Fly Fishing Podcast for November 2017 by Harry Murray
In my fly fishing podcast for November I discuss the trout fishing you can expect for this month in our large trout streams with sculpin imitations. The natural sculpin minnows are bottom hugging minnows living under cobblestones in and immediately downstream of heavy riffles. This is where I like to fish my Spuddler. Many of the tails of the pools give me some large trout by fanning the Murray’s Black Marauder size 8 over the last 100 feet. The gentle riffles along the far banks often attract large trout that feed on the slim silver minnows that live here. By casting a Murray’s Silver Ghost Streamer size 6 in tight against these undercut banks you can catch many large trout. For more details on the areas and techniques to use listen to my entire Fly Fishing Podcast for November.
The smallmouth bass rivers are cold but we can still catch some large bass by choosing the correct flies and fishing the correct feeding stations which the bass choose at this time of the year. They want to choose foods that give them the greatest food value for the least effort to capture it. Large minnows are a prime target. Therefore I like to fish the Murray’s Tungsten Cone Head Marauders in black, pearl or olive. In my personal fishing at this time of the year the back eddies that form below the riffles on the side of the river with the slow current are some of their favorite feeding stations. These provide an abundance of minnow life and protection from the powerful currents of the river.

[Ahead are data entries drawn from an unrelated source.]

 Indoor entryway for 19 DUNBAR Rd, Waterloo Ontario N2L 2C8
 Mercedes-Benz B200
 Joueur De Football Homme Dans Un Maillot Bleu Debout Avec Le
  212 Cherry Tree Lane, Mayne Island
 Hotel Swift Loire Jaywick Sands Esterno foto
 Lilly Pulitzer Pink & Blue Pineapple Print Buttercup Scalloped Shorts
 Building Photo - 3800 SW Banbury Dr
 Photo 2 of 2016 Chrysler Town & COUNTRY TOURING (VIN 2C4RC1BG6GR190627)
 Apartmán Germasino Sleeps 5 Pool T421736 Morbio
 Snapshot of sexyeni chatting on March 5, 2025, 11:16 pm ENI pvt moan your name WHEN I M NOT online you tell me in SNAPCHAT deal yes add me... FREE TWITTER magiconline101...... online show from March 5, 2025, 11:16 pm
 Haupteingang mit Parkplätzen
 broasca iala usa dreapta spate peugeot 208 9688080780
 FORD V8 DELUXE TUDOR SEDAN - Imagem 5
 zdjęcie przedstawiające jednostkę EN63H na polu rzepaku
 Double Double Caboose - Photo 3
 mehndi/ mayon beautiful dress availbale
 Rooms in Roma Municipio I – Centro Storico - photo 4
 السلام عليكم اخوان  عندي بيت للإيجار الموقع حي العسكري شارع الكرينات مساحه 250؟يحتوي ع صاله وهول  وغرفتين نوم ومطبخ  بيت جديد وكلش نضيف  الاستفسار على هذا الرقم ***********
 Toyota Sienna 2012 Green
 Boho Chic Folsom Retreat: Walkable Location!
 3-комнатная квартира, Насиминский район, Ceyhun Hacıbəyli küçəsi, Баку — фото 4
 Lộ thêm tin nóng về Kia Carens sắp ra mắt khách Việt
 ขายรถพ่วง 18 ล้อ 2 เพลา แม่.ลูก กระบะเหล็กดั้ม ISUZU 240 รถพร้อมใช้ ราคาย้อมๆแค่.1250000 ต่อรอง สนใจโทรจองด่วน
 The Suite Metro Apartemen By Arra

I use Chest High Waders when I am fishing large trout streams and smallmouth bass rivers. I wear hippers when I am fishing mountain trout streams. If I walk into a mountain trout streams for two miles or less I wear my hippers to walk in. If I plan to walk in more than two miles, I hang my hippers over my shoulder and wear hiking shoes to walk in, then stick my shoes up on the bank and put my hippers on to fish. After I finish fishing, I put my hiking shoes back on and carry my hippers to walk back out of the mountain.